I want to say just a word about what we do here tonight. It has to do with the action at this table. We come here to witness to God's action and to be reminded of our own.

I am reminded of this dual action because of a Kodak slide I ran across the other day. I took the slide back in 1961 when Linda and I traveled to the Holy Land on our honeymoon. We touched many of the bases in Israel and Jordan included in the great Biblical sagas surrounding the events of the Old and New Testaments. We tended to focus on the places most closely associated with Jesus. We walked the Via De La Rosa, we climbed down into the cave beneath the Church of the Nativity. We stood at the base of a garbage dump outside the city gate, as plausible a place as any for Calvary and the dirty work done there. We stood with others in a garden, facing a tomb built into the wall, and felt almost as if we stood beside Mary as she encountered the risen Christ there nearly two thousand years ago.

But the slide--the slide I came across showed a narrow little alley, maybe six feet wide, pressed upon each side by steeply fronted row-houses. The alley led directly to an open door at the base of one of those row-houses. Because in 1961 Jerusalem was a city divided, some of it in Jordan, some of it in Israel, in order to get to that open door we followed a guide on a twisting, turning route, designed to sustain the separation between Jordanian and Jew. We were warned about the possibility of snipers and we maintained a constant vigilance.

Now the door to that house led to a set of stairs to what was on our sacred itinerary: the upper room. And, as you can tell, I have never forgotten the circuitous route we took to that upper room. It delineated a division, a resentment, a virulent hatred and catastrophic chasm between ethnic cousins, a religious family of a single but now distant household, and a nationalism where blood and soil counted most.

Now, of course, in Jesus' time the division between Jew and Gentile, Arab and Jew, was no less a bloody problem than it was in 1961. And as we meet in 1996, the division and hatred continues to create horror stories: bombings, suicides, murder. Fear, repression and terror still saturate the streets, the neighborhoods--the city housing that upper room.

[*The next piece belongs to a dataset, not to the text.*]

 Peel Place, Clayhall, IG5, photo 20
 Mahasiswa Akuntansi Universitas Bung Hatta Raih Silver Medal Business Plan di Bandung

And what goes on in the neighborhood around Jerusalem's upper room is simply an illustration of the division afflicting our human family, whether it be in Israel or the Gaza Strip, in Sarajevo or Kabul, in Chechnya, Sri Lanka, or Kampuchia, whether it be the lines dividing the neighborhoods of our cities, the suburbs surrounding them, our churches and their thin little slices of American religious culture. Lines are drawn. The children of God are at arms length, if not at war with one another. The situation of the upper room, the one in Jerusalem--or wherever this sacrament is celebrated--the situation of the upper room is the same tonight as it was when Linda and I were there in 1961, or when Jesus celebrated the last supper some two millennia ago.

And friends, into the middle of this human violence and hatred God arrives. This is no divine observer, no god who sits somewhere out there, careless and abstractly apart from our plight. In Jesus, we confess our God becomes part of the human tragedy. This God enters our history, taking on all of its risks, getting immersed in the struggles, the crises, the troubles and the messiness we face. The Cross indicates, if nothing else, the vulnerability of God to the worst we human beings can dish out to one another.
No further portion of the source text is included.